* _WHAT IS REQUIRED_
Your answer must be an exact retyping of the line containing "Breville VKJ318 water dispenser Black 2 L" and every line after it through the end of the records below, with no pictures and nothing else.

* _EXTRACTED RECORDS_
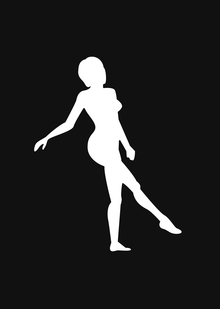 Глава 2: Конструирование видимого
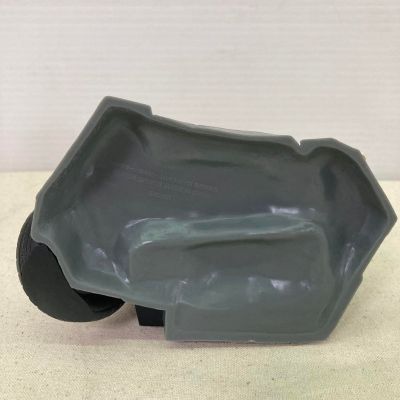 一番赏 排球少年剧场版 垃圾场的决战 A奖/双重机会 日向翔阳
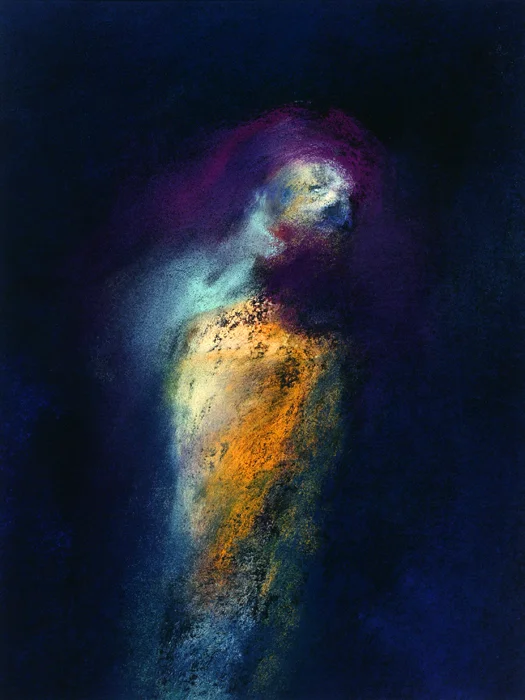 Opus 39.jpg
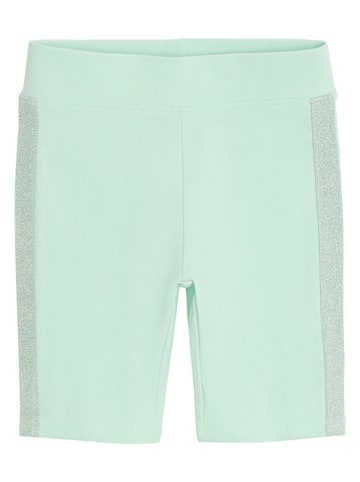 COOL CLUB Short groen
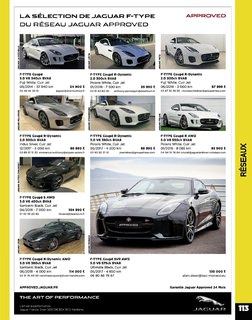 2018-09-sport-auto-680-113.jpg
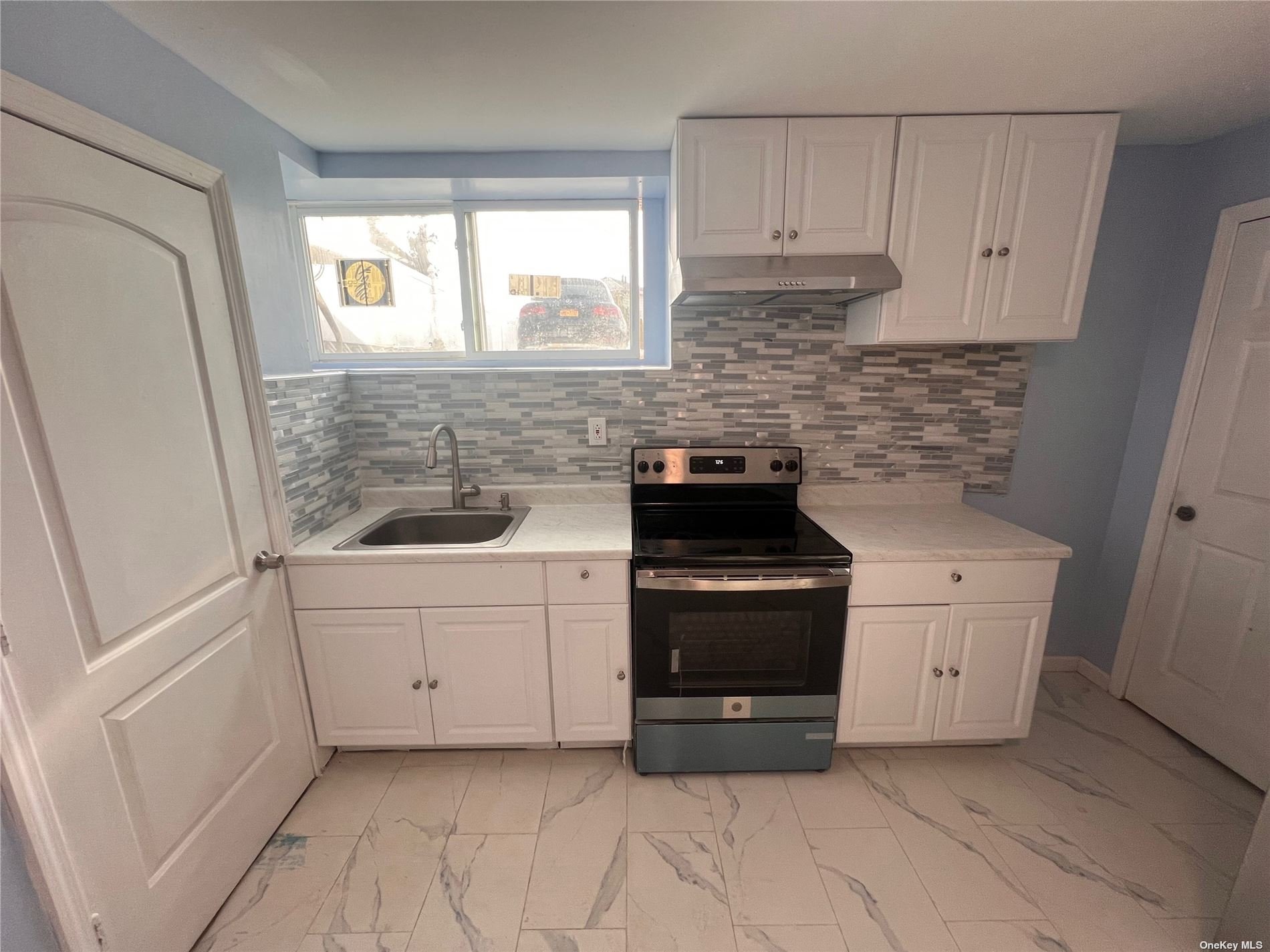 #1 photo, 134-00 Cheney Street, 皇后区 牙买加 Jamaica , NY 11434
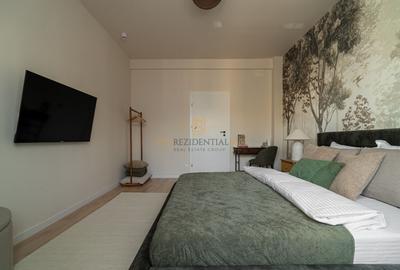 Apartament cu 5 camere, 100 mp, Armeneasca-Piata Rosetti, Comision 0 - 16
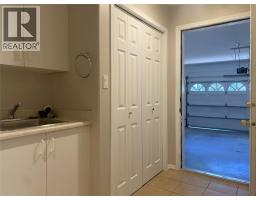 7594 2nd Street, Grand Forks, BC V0H1H0 Photo 32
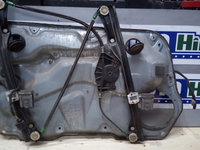 Macara geam ușa fata dreapta electrica fara motoras VOLKSWAGEN Golf IV 1J 1997-2005 Bora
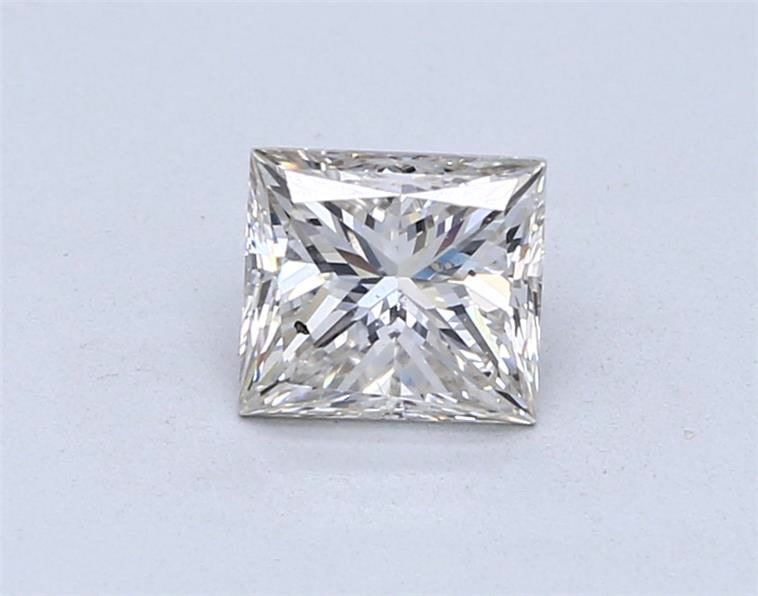 1.11 Carat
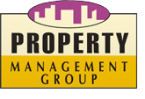 Property Management Group - Real Estate in Goa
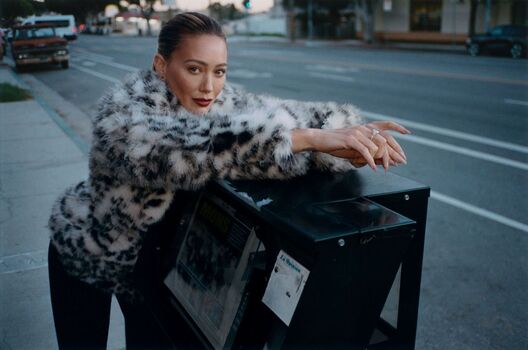 🔥 Hilary duff page leaked private photo uncensored full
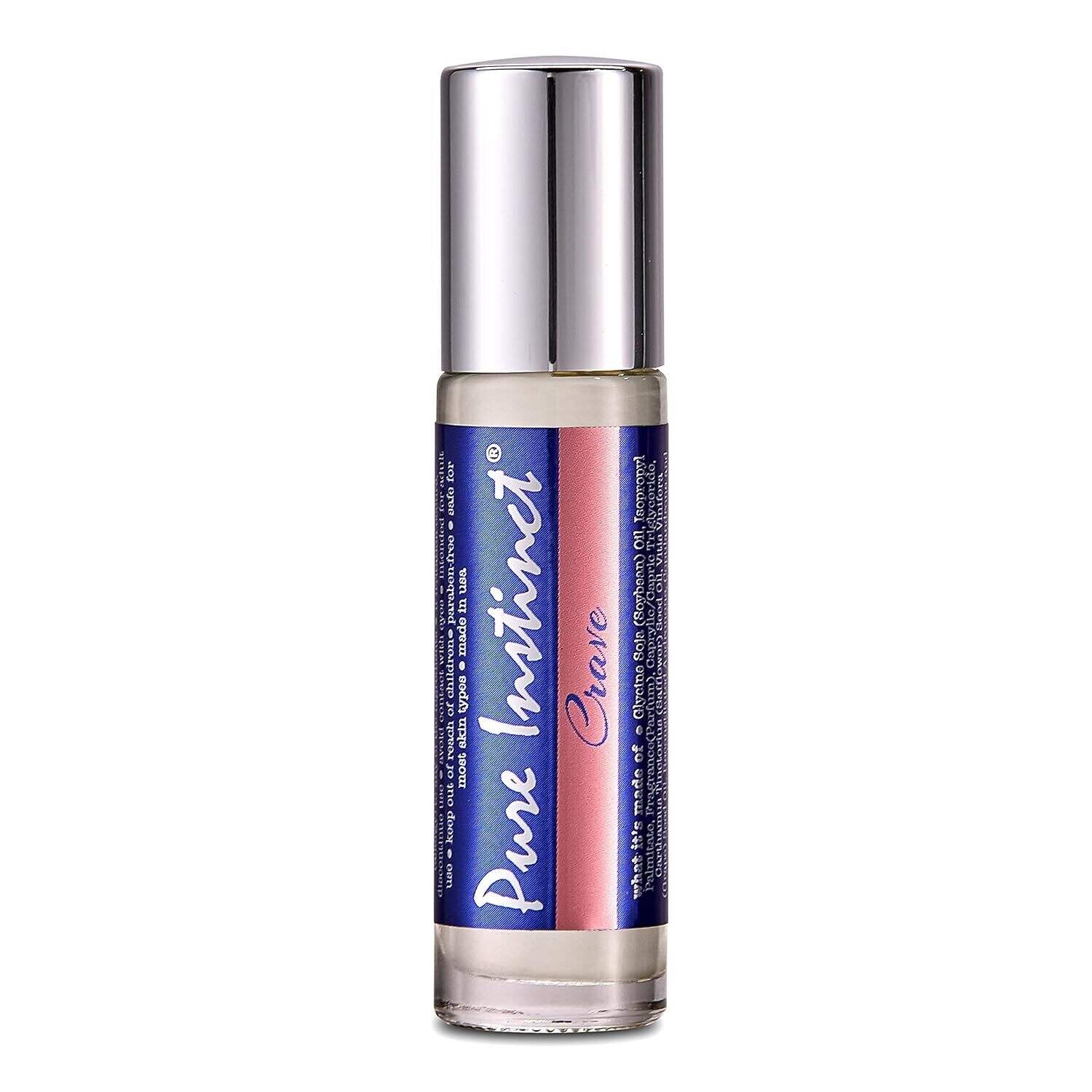 perfume cologne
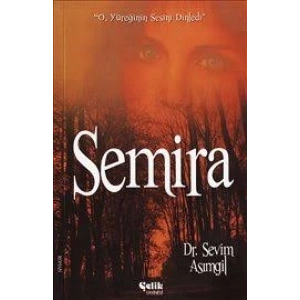 Semira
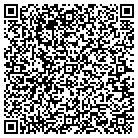 QR code with Brownsville Lift Truck Supply contacts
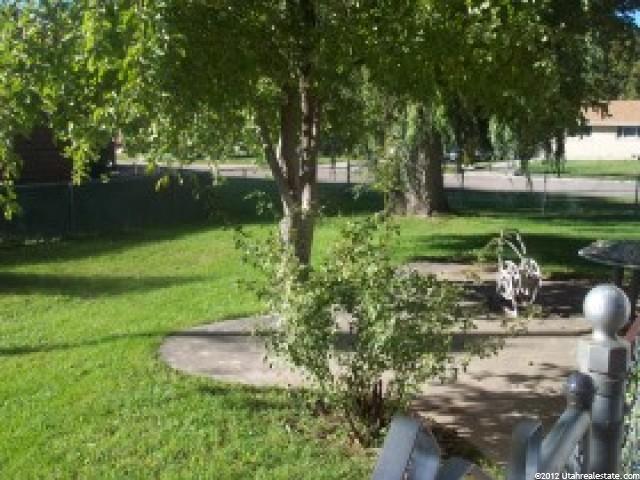 1551 N 1500 W, Clinton, UT 84015 — photo 3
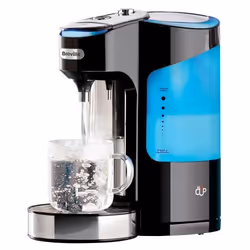 Breville VKJ318 water dispenser Black 2 L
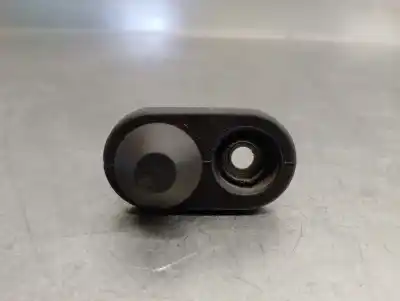 Peça sobressalente para automóvel em segunda mão trocar por toyota auris 1.8 16v (híbrido) referências oem iam ezcty014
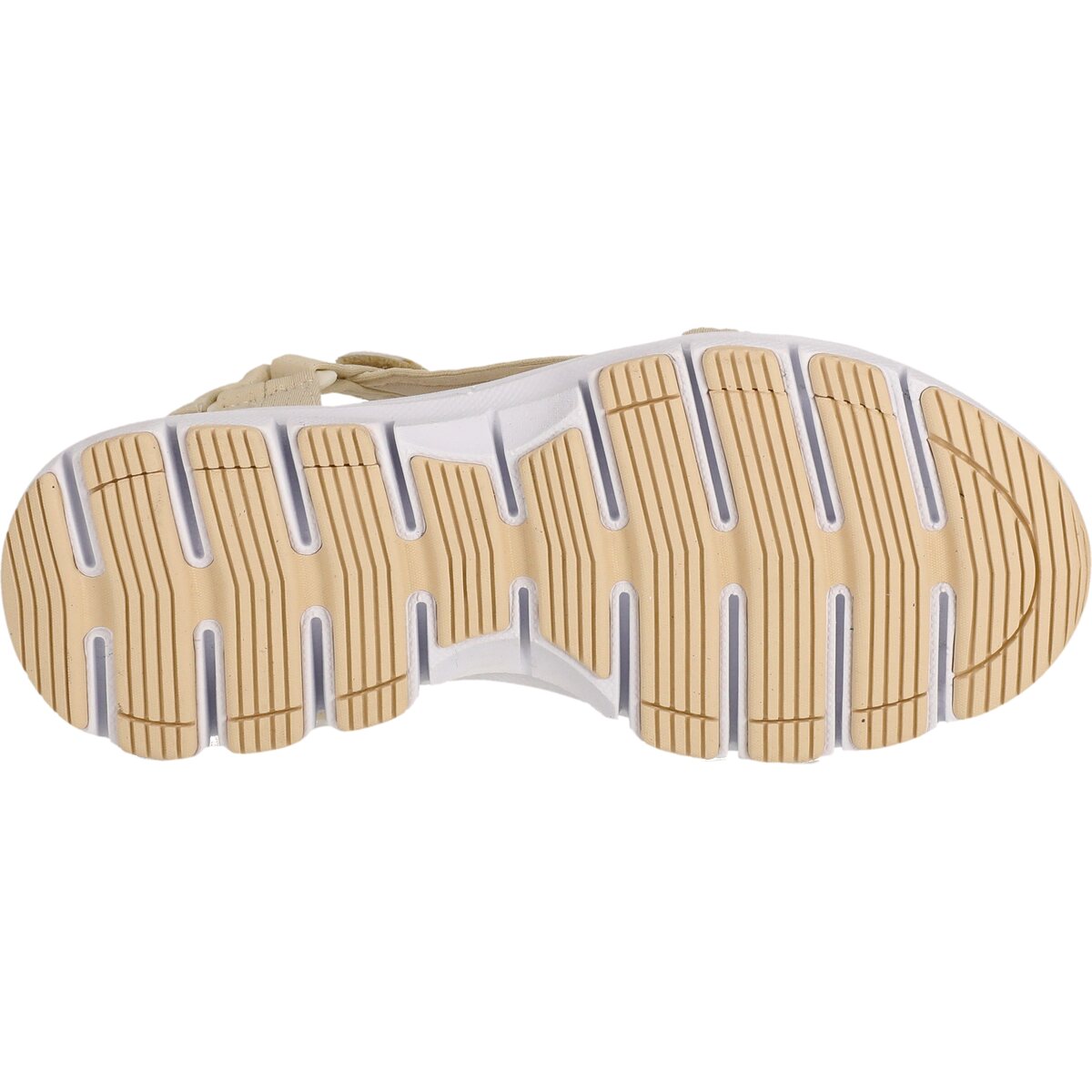 Cruz Bernao Lite Sandaler Dame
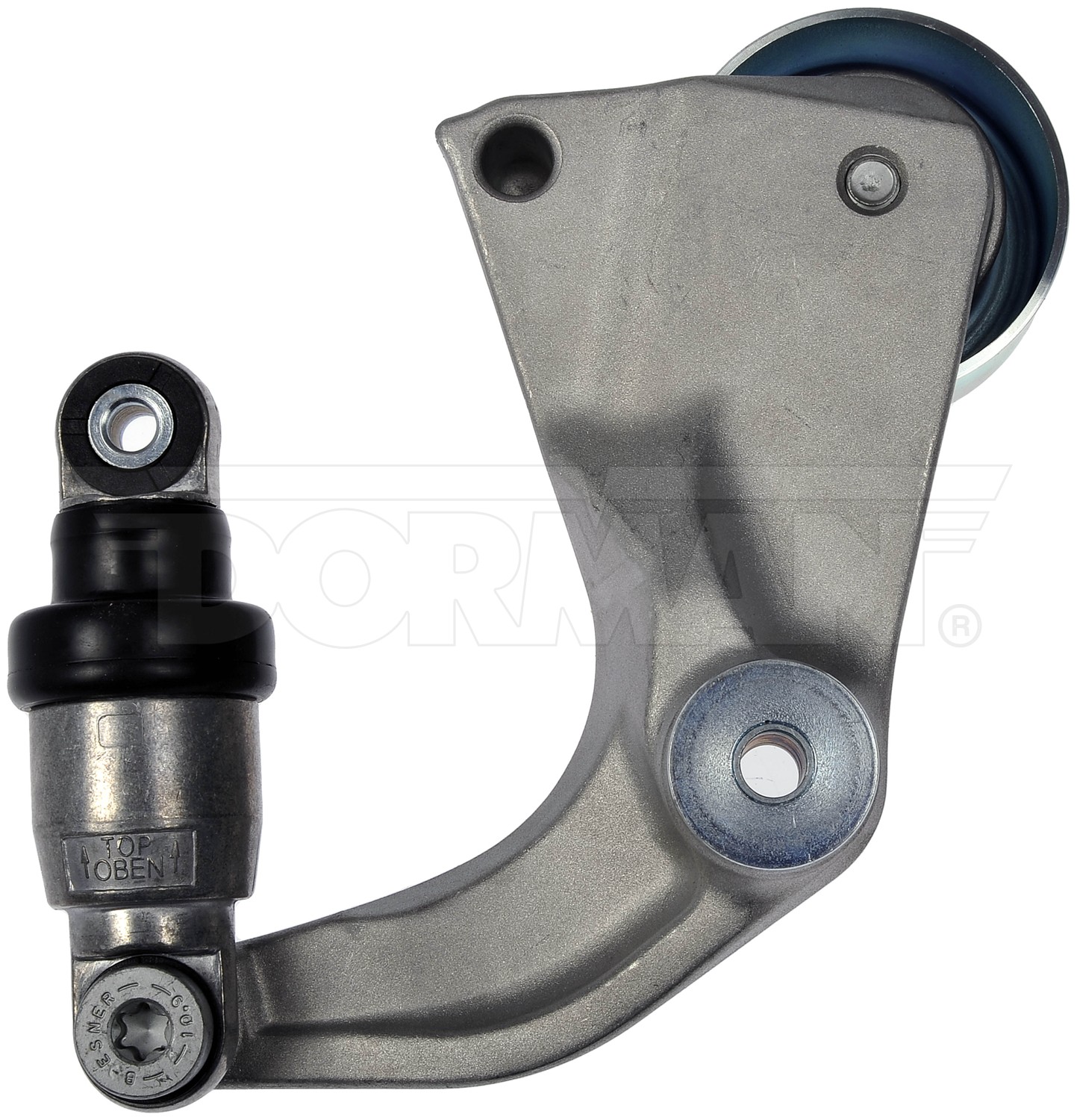 Dorman DOR-419-380 Automatic Belt Tensioner (Tensioner Only) - Image 2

* _RESPONSE TO THE EXERCISE_
 Breville VKJ318 water dispenser Black 2 L
 Peça sobressalente para automóvel em segunda mão trocar por toyota auris 1.8 16v (híbrido) referências oem iam ezcty014
 Cruz Bernao Lite Sandaler Dame
 Dorman DOR-419-380 Automatic Belt Tensioner (Tensioner Only) - Image 2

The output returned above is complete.